The analysis of VTE prophylactic phases contained nine studies involving 5,537 VTE patients with RI. Four pairs of comparisons were analyzed: NOACs vs aspirin, low-dose NOACs vs aspirin, NOACs vs VKA, NOACs vs placebo and low-dose NOACs vs placebo. Compared with LMWH, desirudin was associated with a lower risk of VTE occurrence (RR 0.71, 95%CI 0.51–0.98) but a higher risk of bleeding (RR 1.49, 95%CI 1.00–2.24) Meanwhile, NOACs significantly increased the risk of bleeding compared with placebo (RR 1.31, 95%CI 1.02–1.68) (Fig. 2).

Efficacy and safety of different anticoagulants among patients with and without RI

We also conducted meta-analyses on participants with and without RI who had been prescribed each anticoagulant, to investigate the efficacy and safety of one particular anticoagulant in both populations.

VTE treatment in the acute phase

In the acute phase of the treatment studies, a total of 2,938 VTE patients with RI and 28,161 VTE patients without RI were included. Three anticoagulants were analyzed: NOACs, VKA, and LMWH. Among the seven studies using VKA, the risk of death or recurrent VTE was significantly higher in the RI patients (RR 1.43, 95%CI 1.13–1.82). For safety outcomes, NOACs and VKA might lead to a higher risk of bleeding among the RI patients compared with those without RI (RR 1.45, 95%CI 1.14–1.84 and RR 1.53, 95%CI 1.25–1.88, respectively) (Fig. 3).

Fig. 3

Effects of Different Anticoagulants among Patients with and without RI in Forest Plot

Abbreviations: NOAC, novel oral anticoagulants; VKA, vitamin K antagonist; LMWH, low molecular heparin.
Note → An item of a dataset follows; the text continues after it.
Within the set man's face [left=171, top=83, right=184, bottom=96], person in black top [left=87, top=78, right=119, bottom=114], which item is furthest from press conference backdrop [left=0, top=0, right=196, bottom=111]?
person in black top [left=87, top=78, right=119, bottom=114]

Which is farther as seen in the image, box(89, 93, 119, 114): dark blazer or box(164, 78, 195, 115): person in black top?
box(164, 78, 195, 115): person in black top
VTE treatment in the extension phase

In the extention phase of the treatment studies, a total of 559 VTE patients with RI and 10,474 VTE patients without RI were included. Five anticoagulants were analyzed: NOACs, aspirin, low-dose NOACs, VKA and placebo. The efficacy of these drugs between RI and non-RI patients was found to be similar. Aspirin may increase the risk of bleeding in RI patients (RR 3.21, 95%CI 1.28–8.09) (Fig. 3).

VTE prophylaxis

In the VTE prophylaxis studies, a total of 4,933 VTE patients with RI and 22,910 VTE patients without RI were included. Four anticoagulants were analyzed: NOACs, LMWH, desirudin and placebo. Compared with the non-RI population, NOACs may increase the occurrence of VTE in RI population (RR 1.74, 95%CI 1.29–2.34). There was no difference among groups treated with NOACs, placebo and desirudin, but LMWH could increase the risk of bleeding in the RI population (RR 1.33, 95%CI 1.01–1.75) (Fig. 3).